Here's C code for machine A to send a 32 bit integer as a sequence of four bytes in little endian order::
    sendbyte(data32);  sendbyte(data32>>8);  sendbyte(data32>>16);  sendbyte(data32>>24);
And code for machine B to receive that 32 bit integer (assumes getbyte() returnes an unsigned 8 bit integer):
    data32=getbyte();  data32|=getbyte()<<8;  data32|=getbyte()<<16; data32|=getbyte<<24;

This C code doesn't care if the machine it is on is big endian or little endian.
However the C code on both ends must be aware of the integer size it is dealing with, be it 8,16,32 bits.
So the serial link spec may need to fully define the format of the data stream, not just say whether
it is big or little endian.

Plenty of C code out there that is not endian agnostic like that, and I'm fine with it.
Those 24 bit shifts are expensive if your compiler is turned down to dumb,
a typecast of an int32 pointer to an array of bytes may look like a more efficient way to code.
Most machines these days are little endian with 8/16/32/64 bit word sizes, and I'm fine
with code that assumes this is the case.  (There are some big endian machines though.)

But if you are trying to code for a machine that could be either big or little endian
or might have some weird word length in hardware, I'm of the opinion that the above
is the best way to do it.  If nothing else, it's very easy to read.
 
Endian-ness has even more repercussions when creating hardware.
I always found that working with the big-endian VME bus was a PITA,
the extra shifts were rather expensive back in the days of TTL,

It seems obvious at first glance, big-endian means we send over the most significant byte first,
and little endian means we send over the least significant byte first.
But implementation of this in a mixed environment can become a real head scratcher.
Especially if the implementation is not thoroughly thought out before coding starts.


>  Your sendbyte() example, the sendbyte(data32>>24) leaves the high byte for sending.
>  If you don't know the endian order, how do you know you didn't just rotate the data of interest onto the floor?

I don't quite follow.
sendbyte(data32>>24)   will always send the 8 msb's of that 32 bit word, regardless of what machine you are on.
I know I didn't rotate the data of interest onto the floor because I know that my data was in the 8 msb's of the 32 bit word. 

> The second example is no different.
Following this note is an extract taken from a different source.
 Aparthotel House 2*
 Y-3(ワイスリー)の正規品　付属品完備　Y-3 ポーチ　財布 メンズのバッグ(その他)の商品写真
Indeed, since the shift right operator "backfills" with 0's
> and has higher precedence that the bitwise AND operator, you example always sends 0 to the function. Why bother? 

 
Hmm.  This second example?
    sendbyte((data32>>24)&0xff);
Only difference from the previous is that it makes it clear to the reader
that we are only interested in sending 8 bits.  And might save us from 
some weird bug if sendbyte() was not defined as an unsigned 8 bit int.
Looks fine to me.

Jerry


On Thu, Mar 8, 2018 at 10:34 am, Jack Purdum wrote:
OK, so what happens if you send an int from Allard's code to a 64 Intel I7? Compiler vendors are completely free to decide the byte order of all of their data types. My software company used to produced C programming tools (compilers, editors, assemblers, linkers) for both 8 bit and 16 bit machines. We made sure our Endians were the same, simply from a marketing standpoint. However, sending binary data from a 8 bit compiler to someone else's 16 bit compiler has no guarantee of working. Data structure packing and endian use is totally up to the compiler vendor. Indeed, there was one 8-bit MSDOS compiler vendor who chose to use -1 for NULL. The old XJ11 C standards committee made no restrictions on such things and the are defined as "implimentation dependent". That's why you should use NULL instead of 0 when checking string lengths. Now you could send the data as ASCII, but then you slow the transmission because values 0 through 255 only take 1 binary byte, but up to 3 ASCII bytes.
 
Your statement that "I can code all day in C without worrying about the big vs little endian" issue is only true at the source code level. If you are sending binary data, which is what I said in my post, you very definitely need to worry about the endian problem. As to 100 clock ticks, that seems high. An ldi assembler instruction take 3 clock cycles or 12 for a 32 bit long. Each rotate left (or right) is a single clock cycle, so I get 42 clock cycles to rotate a long off the map, and that includes the time to load it. So 0.000002625 of a second seems pretty quick Still, that's neither here nor there.
 
Your sendbyte() example, the sendbyte(data32>>24) leaves the high byte for sending. If you don't know the endian order, how do you know you didn't just rotate the data of interest onto the floor? The second example is no different. Indeed, since the shift right operator "backfills" with 0's and has higher precedence that the bitwise AND operator, you example always sends 0 to the function. Why bother?
 
Nope, there are times when you need to know the endian order and you can use a union to find it out. It can also be used to send binary data for a serial connection to a total different platform and still have it work. Knowing how to use a union is a good thing.
 
 

Re: Pulling Arduino data apart

Jerry Gaffke
 

The question was, is the compiler smart enough to emit assembly language 
that just grabs the appropriate bytes without messing with any bit shifts.
It should.
If you have the correct compiler optimization flags set.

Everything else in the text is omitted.